Every leader has a gap between who they think they are and who others think they are.
The larger your gap, the less your influence.
I tell myself a story every day when I look in the mirror: I’m likable, charismatic, and committed. I drive to work thinking I’m a good manager, in control, and on the right path. And yet, each person I come in contact with may have a very different story about me. And guess what? Perception is reality, so what they perceive is true for them, regardless of what I think about myself.
The longer I allow that gap to persist, the less I’m able to lead people effectively.
- If I think I’m bold but others see me as stubborn they won’t easily follow.
- If I think I’m innovative but others see me as easily distracted they won’t be as committed.
- If I think I’m a good communicator but others think I’m terrible at communicating they won’t respond.
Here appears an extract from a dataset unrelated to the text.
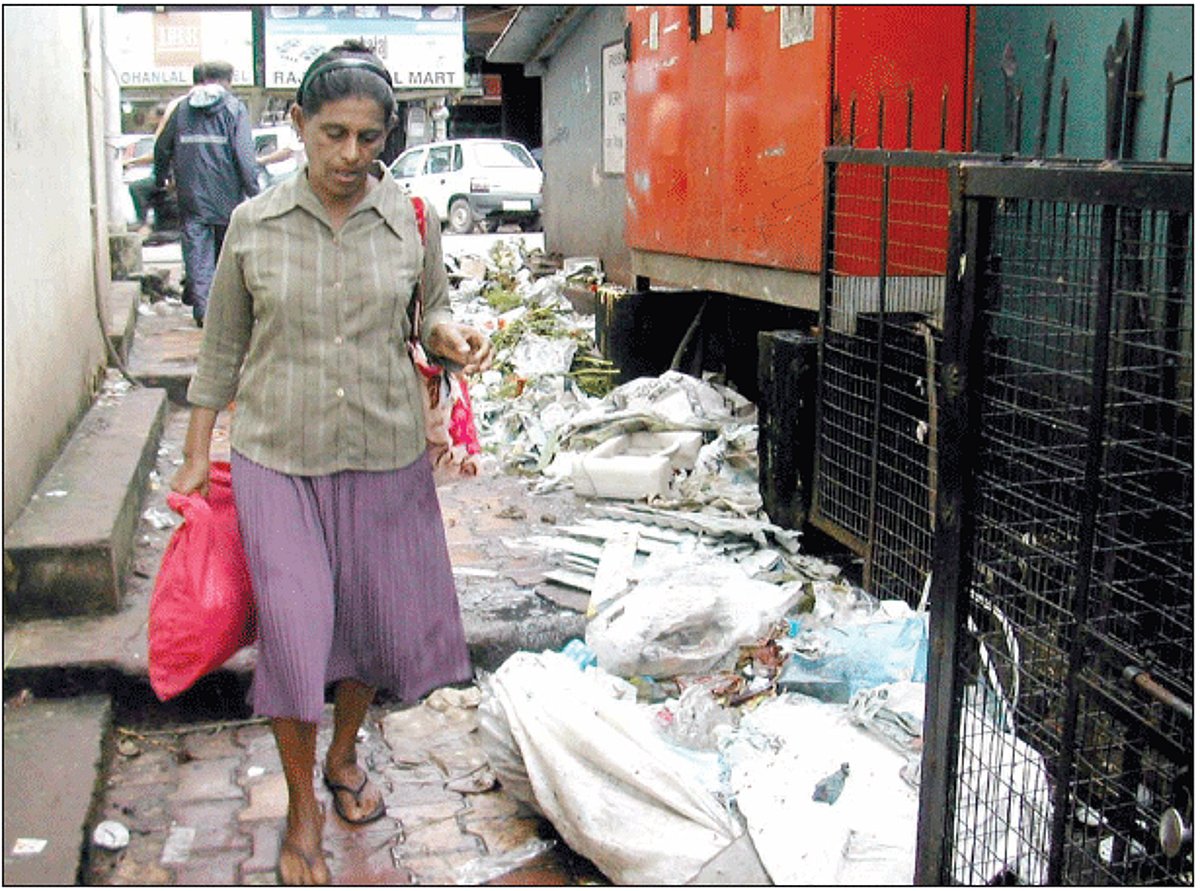 A woman walks past garbage at the busy Sadekar lane.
You have two options for shrinking the gap:
1. Self-discovery. As you reflect on who you are and how you may come across you will gain insight that will shrink your blind spot and improve your social awareness.
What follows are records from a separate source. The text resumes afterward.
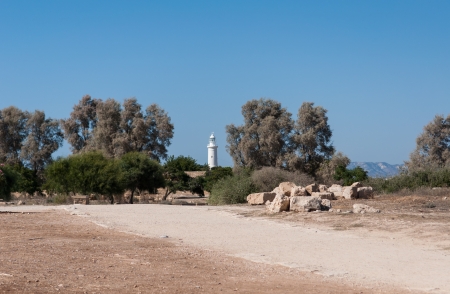 Coast white lighthouse against a blue sky on the island of Cyprusの写真素材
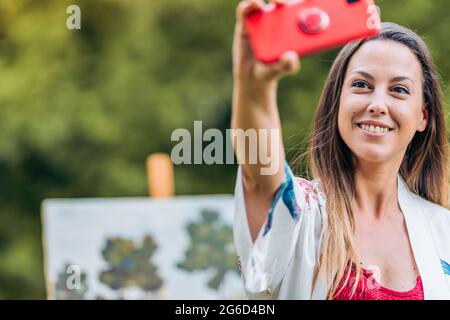 Junge Frau, die im Freien ein Selfie vor einer bemalten Leinwand gemacht hat Stockfoto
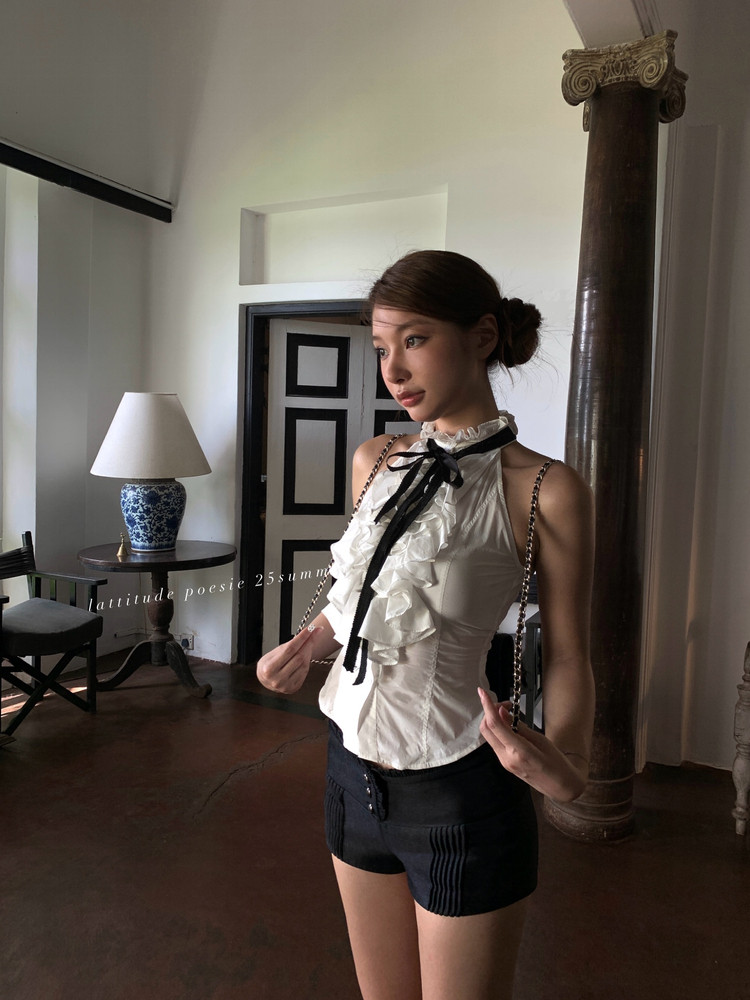 Woman wearing a white ruffled halter top with black shorts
Try this: Immediately following your next meeting, take 3 minutes to consider 1) how you think you came across and 2) your non-verbals and what they may have communicated. Strive for objectivity. If you were observing yourself in a meeting, what would you see?
2. Observation and feedback. Nothing can take the place of someone else’s unfiltered, honest feedback. As they reflect back to you how you may come across you can gain clarity on areas to improve and close the gap.
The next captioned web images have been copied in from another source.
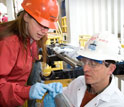 Microbiologist Maria-Cristina Ciobanu and geochemist Simon George sample a core.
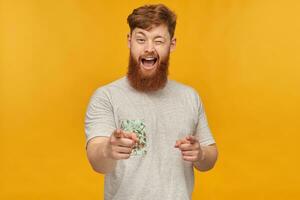 intérieur coup de Jeune Beau gingembre Masculin avec une gros barbe, montrer du doigt avec tous les deux mains dans caméra, sourit et clin d'œil. isolé plus de Jaune Contexte photo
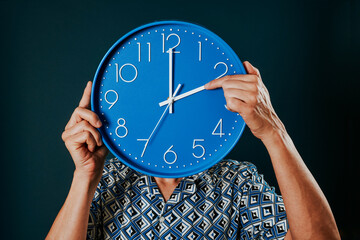 man resets a blue clock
Try this: Email three people you are close to and ask them to send you three adjectives to describe you. Then analyze the three words to determine 1) if they align with who you think you are and 2) if you like them. In other words, are you ok being identified in that way? If yes, then move on. If no, then figure out what you need to do to close the gap.
The gap won’t shrink on its own. Gap-shrinking takes diligent work. But the payoff is increased influence and results.
By the way, the larger the gap between who you are and what you do in your career, the less satisfaction you will experience. Fight the gap!